TASK STATEMENT:
What you should give back is a precise copy of the lines below from the one containing "Pedagogical Practices, Personal" through the one containing "white garage door", with no pictures.

*** Opening RECORD SET ***

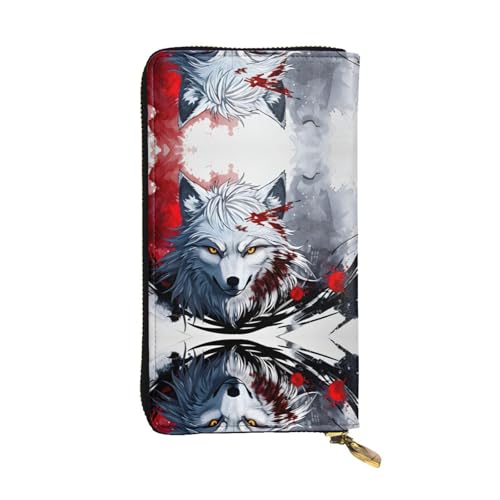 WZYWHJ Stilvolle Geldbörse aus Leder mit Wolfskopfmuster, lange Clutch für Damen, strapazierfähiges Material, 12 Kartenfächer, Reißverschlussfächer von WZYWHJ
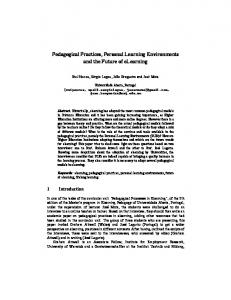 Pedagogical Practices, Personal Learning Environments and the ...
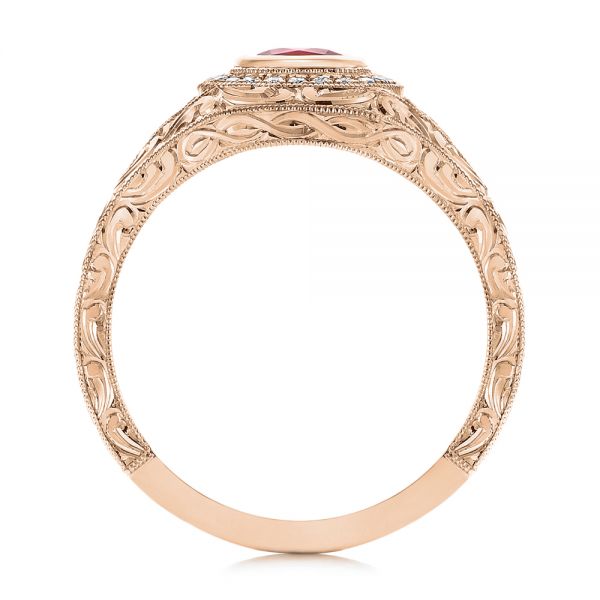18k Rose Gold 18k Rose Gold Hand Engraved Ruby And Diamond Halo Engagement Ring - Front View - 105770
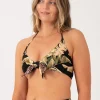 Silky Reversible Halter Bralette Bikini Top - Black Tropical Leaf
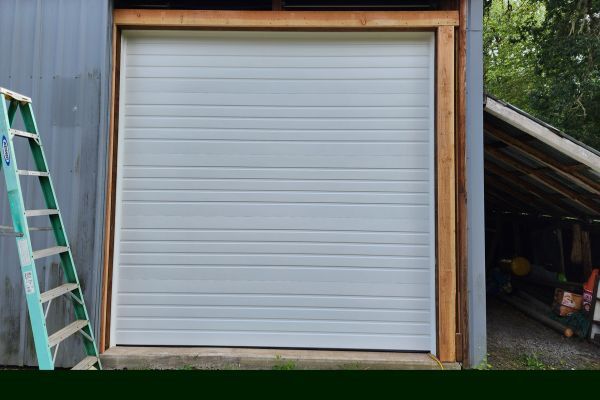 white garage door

*** Closing RECORD SET ***
*** Opening RECORD SET ***

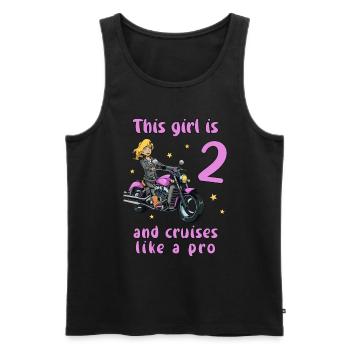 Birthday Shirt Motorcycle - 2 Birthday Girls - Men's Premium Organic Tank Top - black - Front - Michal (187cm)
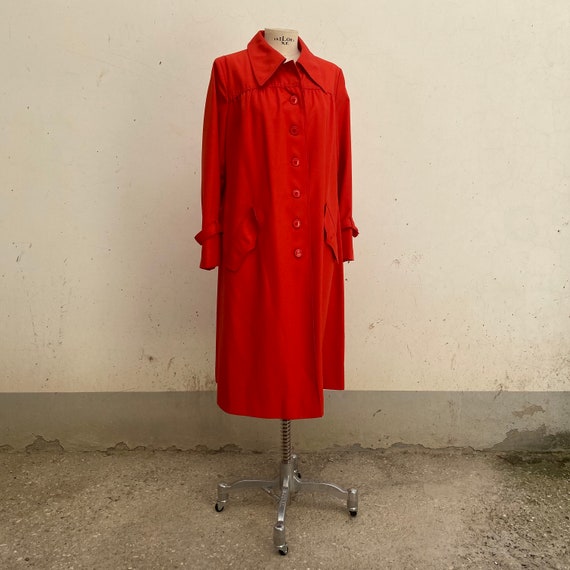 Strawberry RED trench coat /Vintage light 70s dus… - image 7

*** Closing RECORD SET ***

COMPLETED TASK:
 Pedagogical Practices, Personal Learning Environments and the ...
18k Rose Gold 18k Rose Gold Hand Engraved Ruby And Diamond Halo Engagement Ring - Front View - 105770
 Silky Reversible Halter Bralette Bikini Top - Black Tropical Leaf
 white garage door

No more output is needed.